Coca-Cola’s new sustainable paper bottle to enter online trials in Hungary

The Coca-Cola Company has been a target for criticism by environmentalist owing to its huge contribution to plastic waste for past few decades. The brand was named the top corporate plastic polluter for the third consecutive year, according to a 2020 report.

Given the pressure to mend its ways, the company has designed a new sustainable paper bottle prototype to reduce the use of virgin plastic. Recently, Coca-Cola announced that the company’s first-ever paper bottle will be entering a limited online trial in Hungary, before its full-fledged launch in the marketplace this summer.

Sustainable paper bottle

The paper bottle project, which is being developed by Coca-Cola’s R&D team in Brussels in collaboration with the Danish startup The Paper Bottle Company (Poboco), is transitioning into the consumer testing phase to examine the package’s practicality and customer response to the product.

The R&D team has been carrying out extensive lab tests to measure the paper bottle performance through its capability to hold and protect its contents, however, consumer feedback will determine its true feasibility.

The brand will be testing 2,000 bottles from this project with the plant-based beverage Adez, which will offer the pioneering package through e-grocery retailer Kifli.hu.

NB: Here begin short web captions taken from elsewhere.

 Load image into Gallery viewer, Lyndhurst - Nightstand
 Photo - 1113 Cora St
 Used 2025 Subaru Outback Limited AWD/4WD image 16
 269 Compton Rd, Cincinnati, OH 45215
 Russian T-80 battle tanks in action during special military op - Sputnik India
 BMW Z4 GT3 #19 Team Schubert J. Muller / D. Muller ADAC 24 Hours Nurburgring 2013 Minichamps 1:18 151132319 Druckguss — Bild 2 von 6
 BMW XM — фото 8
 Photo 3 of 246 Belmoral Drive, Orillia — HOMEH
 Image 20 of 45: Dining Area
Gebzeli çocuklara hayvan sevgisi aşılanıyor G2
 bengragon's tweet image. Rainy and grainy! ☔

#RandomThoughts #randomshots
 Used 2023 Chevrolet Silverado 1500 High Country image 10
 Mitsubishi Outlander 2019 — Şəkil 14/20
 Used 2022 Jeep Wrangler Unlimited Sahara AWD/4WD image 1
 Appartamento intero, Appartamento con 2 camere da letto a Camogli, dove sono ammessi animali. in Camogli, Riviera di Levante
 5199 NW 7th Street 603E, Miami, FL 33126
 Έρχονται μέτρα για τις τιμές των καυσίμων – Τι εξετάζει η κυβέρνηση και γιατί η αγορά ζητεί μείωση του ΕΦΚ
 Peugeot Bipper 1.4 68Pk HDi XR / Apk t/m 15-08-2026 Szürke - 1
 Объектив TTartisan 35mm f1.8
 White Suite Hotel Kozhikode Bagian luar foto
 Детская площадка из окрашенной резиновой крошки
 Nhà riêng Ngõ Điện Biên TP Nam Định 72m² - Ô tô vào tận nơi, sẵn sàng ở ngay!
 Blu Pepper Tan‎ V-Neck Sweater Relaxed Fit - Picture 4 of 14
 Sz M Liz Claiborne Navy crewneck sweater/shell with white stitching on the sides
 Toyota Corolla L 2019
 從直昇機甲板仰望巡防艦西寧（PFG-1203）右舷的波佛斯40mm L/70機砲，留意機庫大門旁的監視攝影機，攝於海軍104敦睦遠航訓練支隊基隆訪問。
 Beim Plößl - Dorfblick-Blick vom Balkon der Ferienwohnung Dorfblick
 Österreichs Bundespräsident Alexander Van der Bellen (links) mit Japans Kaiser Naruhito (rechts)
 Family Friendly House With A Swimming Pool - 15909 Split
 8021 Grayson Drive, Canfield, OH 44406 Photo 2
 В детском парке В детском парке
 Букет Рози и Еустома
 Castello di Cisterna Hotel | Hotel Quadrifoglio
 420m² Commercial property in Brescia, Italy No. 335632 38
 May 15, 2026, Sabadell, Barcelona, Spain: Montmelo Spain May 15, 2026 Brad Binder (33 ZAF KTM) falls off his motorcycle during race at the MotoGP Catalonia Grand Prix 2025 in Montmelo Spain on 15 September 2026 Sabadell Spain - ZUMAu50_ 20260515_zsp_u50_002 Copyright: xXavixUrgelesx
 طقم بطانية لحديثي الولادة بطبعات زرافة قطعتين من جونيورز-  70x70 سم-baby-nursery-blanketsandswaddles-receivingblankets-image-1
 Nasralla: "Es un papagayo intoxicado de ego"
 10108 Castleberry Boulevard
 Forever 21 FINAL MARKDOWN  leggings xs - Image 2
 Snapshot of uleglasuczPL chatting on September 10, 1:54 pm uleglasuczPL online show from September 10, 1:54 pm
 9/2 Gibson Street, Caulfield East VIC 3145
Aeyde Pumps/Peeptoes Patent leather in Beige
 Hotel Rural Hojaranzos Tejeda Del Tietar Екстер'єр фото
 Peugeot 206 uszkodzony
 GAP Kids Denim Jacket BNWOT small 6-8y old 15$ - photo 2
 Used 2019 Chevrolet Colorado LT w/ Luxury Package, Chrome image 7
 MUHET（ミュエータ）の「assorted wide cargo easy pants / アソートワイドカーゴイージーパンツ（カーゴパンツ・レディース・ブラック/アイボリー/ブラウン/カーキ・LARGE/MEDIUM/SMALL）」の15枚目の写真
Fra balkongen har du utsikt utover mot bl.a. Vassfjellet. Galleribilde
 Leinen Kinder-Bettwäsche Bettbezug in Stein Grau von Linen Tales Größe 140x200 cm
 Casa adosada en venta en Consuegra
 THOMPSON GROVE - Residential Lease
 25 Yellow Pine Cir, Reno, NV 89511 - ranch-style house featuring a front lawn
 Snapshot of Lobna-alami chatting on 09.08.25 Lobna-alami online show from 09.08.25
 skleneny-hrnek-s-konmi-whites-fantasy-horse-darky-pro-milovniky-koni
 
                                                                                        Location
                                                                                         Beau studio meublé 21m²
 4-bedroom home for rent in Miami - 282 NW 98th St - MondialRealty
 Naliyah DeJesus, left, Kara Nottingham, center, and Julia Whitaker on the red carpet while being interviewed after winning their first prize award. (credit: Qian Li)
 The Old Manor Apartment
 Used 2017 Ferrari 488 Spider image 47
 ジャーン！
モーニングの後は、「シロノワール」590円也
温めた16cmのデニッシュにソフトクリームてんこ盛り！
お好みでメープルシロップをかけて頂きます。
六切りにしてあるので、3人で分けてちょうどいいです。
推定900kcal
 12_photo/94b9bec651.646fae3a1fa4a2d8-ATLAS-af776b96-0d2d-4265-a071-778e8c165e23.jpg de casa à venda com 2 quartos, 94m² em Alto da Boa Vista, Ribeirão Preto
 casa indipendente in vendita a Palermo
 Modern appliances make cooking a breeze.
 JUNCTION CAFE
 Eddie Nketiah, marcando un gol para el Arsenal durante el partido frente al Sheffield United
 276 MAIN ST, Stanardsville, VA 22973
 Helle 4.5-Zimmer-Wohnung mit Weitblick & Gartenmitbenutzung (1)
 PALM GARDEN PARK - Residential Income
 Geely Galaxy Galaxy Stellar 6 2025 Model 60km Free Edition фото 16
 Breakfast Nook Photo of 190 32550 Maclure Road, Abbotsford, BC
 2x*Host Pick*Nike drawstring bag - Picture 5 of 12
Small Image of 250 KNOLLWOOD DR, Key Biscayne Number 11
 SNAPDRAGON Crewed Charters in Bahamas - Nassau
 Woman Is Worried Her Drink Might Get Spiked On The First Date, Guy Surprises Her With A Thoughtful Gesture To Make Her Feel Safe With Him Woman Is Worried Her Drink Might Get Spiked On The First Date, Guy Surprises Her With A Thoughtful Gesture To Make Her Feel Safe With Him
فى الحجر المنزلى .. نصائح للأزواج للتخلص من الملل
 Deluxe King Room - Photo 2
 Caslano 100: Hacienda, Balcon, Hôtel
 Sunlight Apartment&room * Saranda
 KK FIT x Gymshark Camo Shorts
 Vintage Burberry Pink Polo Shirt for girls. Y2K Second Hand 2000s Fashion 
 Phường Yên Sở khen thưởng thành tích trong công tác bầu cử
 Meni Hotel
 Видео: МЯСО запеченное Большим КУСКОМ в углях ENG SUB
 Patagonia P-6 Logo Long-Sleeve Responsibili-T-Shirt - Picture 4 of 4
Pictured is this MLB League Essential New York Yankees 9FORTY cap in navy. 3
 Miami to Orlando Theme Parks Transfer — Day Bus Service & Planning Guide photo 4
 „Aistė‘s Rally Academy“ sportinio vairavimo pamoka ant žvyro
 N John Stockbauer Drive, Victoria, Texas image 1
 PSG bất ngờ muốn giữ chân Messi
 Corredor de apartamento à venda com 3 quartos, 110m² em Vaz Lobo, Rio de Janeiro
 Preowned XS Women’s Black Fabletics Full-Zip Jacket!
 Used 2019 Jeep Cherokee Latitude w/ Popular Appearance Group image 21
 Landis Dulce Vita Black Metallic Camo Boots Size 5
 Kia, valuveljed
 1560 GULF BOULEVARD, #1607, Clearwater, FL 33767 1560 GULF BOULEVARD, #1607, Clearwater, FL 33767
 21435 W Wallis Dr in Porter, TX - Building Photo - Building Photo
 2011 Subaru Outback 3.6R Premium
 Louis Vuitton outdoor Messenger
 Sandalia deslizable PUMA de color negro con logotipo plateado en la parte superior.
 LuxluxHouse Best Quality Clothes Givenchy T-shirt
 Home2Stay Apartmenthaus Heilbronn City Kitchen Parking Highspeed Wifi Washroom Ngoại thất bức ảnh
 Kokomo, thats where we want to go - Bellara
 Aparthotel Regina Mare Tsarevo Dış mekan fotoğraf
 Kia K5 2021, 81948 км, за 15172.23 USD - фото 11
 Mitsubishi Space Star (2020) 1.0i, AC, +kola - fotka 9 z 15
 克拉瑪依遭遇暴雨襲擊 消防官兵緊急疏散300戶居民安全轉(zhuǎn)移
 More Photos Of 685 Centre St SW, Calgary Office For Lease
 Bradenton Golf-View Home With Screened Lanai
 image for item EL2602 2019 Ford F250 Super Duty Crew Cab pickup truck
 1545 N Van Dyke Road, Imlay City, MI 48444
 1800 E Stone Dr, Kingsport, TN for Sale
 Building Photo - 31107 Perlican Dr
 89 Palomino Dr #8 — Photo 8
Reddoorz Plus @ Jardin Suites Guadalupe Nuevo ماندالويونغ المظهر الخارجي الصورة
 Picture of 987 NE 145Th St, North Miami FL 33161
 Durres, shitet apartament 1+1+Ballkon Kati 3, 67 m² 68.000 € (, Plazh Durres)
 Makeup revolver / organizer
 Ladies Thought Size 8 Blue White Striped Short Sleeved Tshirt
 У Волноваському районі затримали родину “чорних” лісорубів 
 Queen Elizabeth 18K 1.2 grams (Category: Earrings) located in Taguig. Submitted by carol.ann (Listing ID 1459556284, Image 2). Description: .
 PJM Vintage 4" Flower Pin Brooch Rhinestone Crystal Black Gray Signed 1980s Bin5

Coca-Cola and Poboco unveiled the first-generation prototype last year, which is made of a paper shell with a recyclable plastic lining and cap.

World Without Waste

The new technology is designed to create 100-percent recyclable bottles that are made of sustainably sourced wood with a bio-based material barrier – creating a bottle that can be recycled as paper. Apparently, this inner lining is capable of resisting liquids, CO2 and oxygen, making it suitable for beverages, beauty products and other liquid goods.

The paper bottle was developed as the brand’s ‘World Without Waste’ sustainable packaging initiative. The initiative also supports the company’s goal to collect and recycle a bottle or can for every bottle or can it sells by 2030, and to use only 100 percent recyclable packaging materials. Under its mission to eliminate the usage of virgin plastic, the company announced the release of a 13.2-ounce bottle that is made of 100-percent recycled PET plastic.